Não é sem razão, pois, que o acesso à Justiça é o reconhecimento dos direitos do cidadão e a defesa do regime democrático e do estado de direito, bem como a garantia dos direitos supra individuais (coletivos ou difusos), temas permanentes e atuais nas discussões e embates jurídicos envolvendo os membros da Instituição. Não foi sem razão que o novo Procurador-Geral fez questão de salientar, em seu discurso de posse, que a PGR atuará com “independência” e “autonomia” durante a sua gestão à frente do órgão.
No mesmo tom, o presidente Bolsonaro salientou que o MP não é apenas o fiscal da lei. Tem o dever de continuar altivo e independente. Realmente, o Ministério Público continua sendo uma instituição de decisiva importância para a democracia. Além do que já fez, muito ainda há por fazer. Impõe-se, portanto, sua atualização para que haja maior efetividade no cumprimento dos múltiplos deveres constitucionais que lhes são atribuídos. A sociedade precisa estar atenta para exigir o cumprimento de seus direitos. E o momento é esse. Se, devido a alguns excessos praticados no método de investigação e na divulgação dos resultados obtidos no âmbito da Operação Lava Jato, muitos passaram a exigir certo controle da instituição, alegando, para tanto, que ele não está submetido a nenhuma fiscalização por parte de um órgão superior, isso não autoriza cercear sua liberdade de investigação.
Mesmo que se alegue a Teoria da Separação dos Poderes para justificar o controle, - também conhecida como o Sistema de Freios e Contrapesos -, consagrado por Montesquieu em seu livro “O Espirito das Leis”, escrito com base nas obras de Aristóteles (Politica) e Locke (Segundo Tratado do Governo Civil) explicando e sistematizando a divisão dos poderes, faz-se necessário lembrar que no dia em que o Ministério Público perder a sua independência, não conseguirá promover uma eficaz e producente investigação dos chamados crimes do colarinho branco.

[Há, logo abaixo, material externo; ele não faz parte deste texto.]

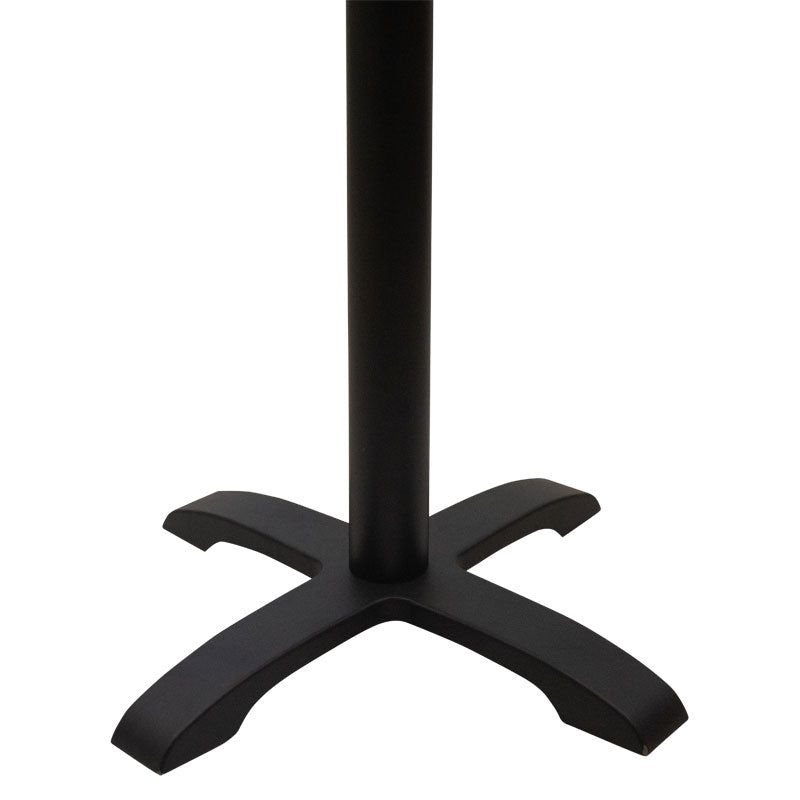 Βάση τραπεζιού bar μεσαίου ύψους Poise pakoworld μαντέμι τετράνυχη μαύρη 62x62x94εκ - Hippiehome.gr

Controle o MP tem. O Conselho Nacional do Ministério Público (CNMP), que promove a defesa do cidadão e a fiscalização administrativa, financeira e disciplinar do órgão e de seus membros em todo o Brasil, já o faz. Também para os que insistem que, num regime democrático, a separação dos poderes se faz necessária, lembramos que o Ministério Público não é um poder, mas sim uma instituição permanente e essencial à função jurisdicional do Estado, nos termos do artigo 127 de nossa Carta Magna. A ele incumbe a defesa da ordem jurídica, do regime democrático e dos interesses sociais e individuais indisponíveis.
Nada que depender da vontade humana é absoluto. Sequer a democracia. Se hoje ela é considerada a melhor forma de governo, Platão e Aristóteles a consideravam um sistema perigoso e corrupto.
A escravidão já foi aceita como uma situação natural que excluía muitos de qualquer direito, e, até o século XX, a maioria das mulheres não era considerada cidadã. Em outras palavras, nem tudo é perfeito. Vamos esperar para ver a atuação do órgão depois que Bolsonaro resolveu ignorar a lista tríplice e escolher um procurador de sua confiança para comandá-lo. Até lá, com o respeito que os que pensam em contrário merecem, vamos esperar para ver como ele funcionará daqui para a frente.